3 thoughts on “Academia’s Conflicted Reaction To Blogging”

  1. Rule 9 in Jacob Nielsen’s “Top Ten Design Mistakes” for blogs is “forgetting that you write for your future boss.” Ouch.

    That said, I think it’s strange to say blogs aren’t peer-reviewed. They ARE peer review! Of course “peer” is opened up to be more than two scholars working the same small seam of ideas in the dark. There’s plenty of evidence that, as a practice, it’s far from fool-proof. Just check out the famous study by DP Peters and SJ Ceci “Peer-review practices of psychological journals: The fate of published articles, submitted again.” Behavioral and Brain Science 5 [1982] 187-96 and all the commentary following. This was also reprinted as a book titled Peer Commentary on Peer Review, Cambridge UP, 1983.

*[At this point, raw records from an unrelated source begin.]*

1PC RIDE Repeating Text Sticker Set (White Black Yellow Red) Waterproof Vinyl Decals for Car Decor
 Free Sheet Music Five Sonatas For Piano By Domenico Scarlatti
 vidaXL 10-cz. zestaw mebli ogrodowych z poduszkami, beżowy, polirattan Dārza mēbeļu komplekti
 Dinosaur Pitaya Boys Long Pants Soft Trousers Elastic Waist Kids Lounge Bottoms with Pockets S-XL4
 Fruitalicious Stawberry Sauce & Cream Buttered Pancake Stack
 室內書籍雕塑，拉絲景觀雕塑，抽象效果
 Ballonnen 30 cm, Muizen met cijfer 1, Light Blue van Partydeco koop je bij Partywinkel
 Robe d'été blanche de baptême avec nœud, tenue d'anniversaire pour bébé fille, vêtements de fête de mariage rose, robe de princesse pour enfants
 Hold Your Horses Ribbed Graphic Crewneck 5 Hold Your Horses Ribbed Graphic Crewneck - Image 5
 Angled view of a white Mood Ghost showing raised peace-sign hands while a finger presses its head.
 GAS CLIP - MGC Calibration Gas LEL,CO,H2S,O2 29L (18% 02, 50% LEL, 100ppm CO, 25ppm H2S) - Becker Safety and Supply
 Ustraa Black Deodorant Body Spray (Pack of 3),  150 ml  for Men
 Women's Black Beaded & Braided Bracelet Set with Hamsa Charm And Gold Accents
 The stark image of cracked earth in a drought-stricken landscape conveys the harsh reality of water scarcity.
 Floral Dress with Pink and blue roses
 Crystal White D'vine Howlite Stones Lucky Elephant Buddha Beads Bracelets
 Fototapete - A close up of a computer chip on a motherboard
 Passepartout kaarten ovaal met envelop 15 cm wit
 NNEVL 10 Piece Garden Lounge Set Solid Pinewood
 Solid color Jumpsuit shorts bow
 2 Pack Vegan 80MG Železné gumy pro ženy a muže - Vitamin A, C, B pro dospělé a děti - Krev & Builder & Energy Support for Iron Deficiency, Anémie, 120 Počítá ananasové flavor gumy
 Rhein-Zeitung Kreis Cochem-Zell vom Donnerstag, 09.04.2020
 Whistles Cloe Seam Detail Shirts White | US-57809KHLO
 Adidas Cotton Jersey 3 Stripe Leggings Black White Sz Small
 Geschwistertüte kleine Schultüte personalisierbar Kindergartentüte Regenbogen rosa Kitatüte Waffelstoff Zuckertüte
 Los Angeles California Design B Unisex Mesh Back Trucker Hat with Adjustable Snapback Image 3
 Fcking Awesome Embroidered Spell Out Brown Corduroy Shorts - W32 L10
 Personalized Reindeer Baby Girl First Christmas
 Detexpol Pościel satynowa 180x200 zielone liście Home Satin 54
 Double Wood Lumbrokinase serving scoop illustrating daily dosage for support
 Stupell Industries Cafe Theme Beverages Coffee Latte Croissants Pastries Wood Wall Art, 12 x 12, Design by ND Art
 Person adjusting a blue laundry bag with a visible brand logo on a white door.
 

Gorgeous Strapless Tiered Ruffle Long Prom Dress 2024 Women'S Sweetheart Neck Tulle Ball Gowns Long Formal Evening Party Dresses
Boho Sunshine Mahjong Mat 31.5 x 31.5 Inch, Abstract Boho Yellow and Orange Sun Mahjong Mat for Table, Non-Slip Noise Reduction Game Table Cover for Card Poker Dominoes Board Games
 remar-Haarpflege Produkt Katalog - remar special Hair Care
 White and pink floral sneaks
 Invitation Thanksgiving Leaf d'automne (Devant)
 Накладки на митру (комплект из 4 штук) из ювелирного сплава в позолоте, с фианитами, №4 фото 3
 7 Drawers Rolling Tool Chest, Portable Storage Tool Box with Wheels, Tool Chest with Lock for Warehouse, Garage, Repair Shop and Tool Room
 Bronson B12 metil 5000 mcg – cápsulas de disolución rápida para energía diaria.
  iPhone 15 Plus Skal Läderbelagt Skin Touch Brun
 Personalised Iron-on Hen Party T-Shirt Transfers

    Blogs are often funny, ironic, opinionated, up-to-date, and personal – things that can be present in formal academic writing, but only if they appear in heavy disguise, thick spectacles and false beards almost required. (Isn’t there something sad about a genre in which your best zingers have to be hidden in the 8-point font of a footnote?)

    I think blogging has great potential to make it easier to share ideas in accessible ways. Like any form of expression, it works best if it’s thoughtful, responsive to audience, and able to provide good evidence for claims. Basic rules for all forms of writing. I think this anxiety is blown out of proportion. If academic freedom doesn’t extend to blogging, the academy has some explaining to do.

  2. I don’t find the two reactions to blogging that Steven describes as “schizoid” at all a surprise. Consider his examples: (1) the embrace of student blogging by student services professionals; and (2) the debate over whether blogging represents appropriate scholarly activity. This is simply another example of what much of the literature of higher education identifies as a cultural gulf between student affairs professionals (student-centered) and teaching faculty (discipline-centered). The fact that academic librarianship has been somewhat more accepting (Michael Gorman and Blaise Cronin notwithstanding) is perhaps an example of the middle ground that many of us play between those two well-defined academic cultures.

    Mind you, I am not stating categorically either that there is a “two culture” problem dividing academic and student affairs, or that librarians inhabit a well-defined middle ground, but both ideas are certainly part of the literature (with the former reflected strongly in calls over the past decade to bridge that gap through focused attention on academic affairs – student affairs collaboration) and, I think, provide a framework for what Steven rightly identifies as mixed messages about the place of blogs in the academy.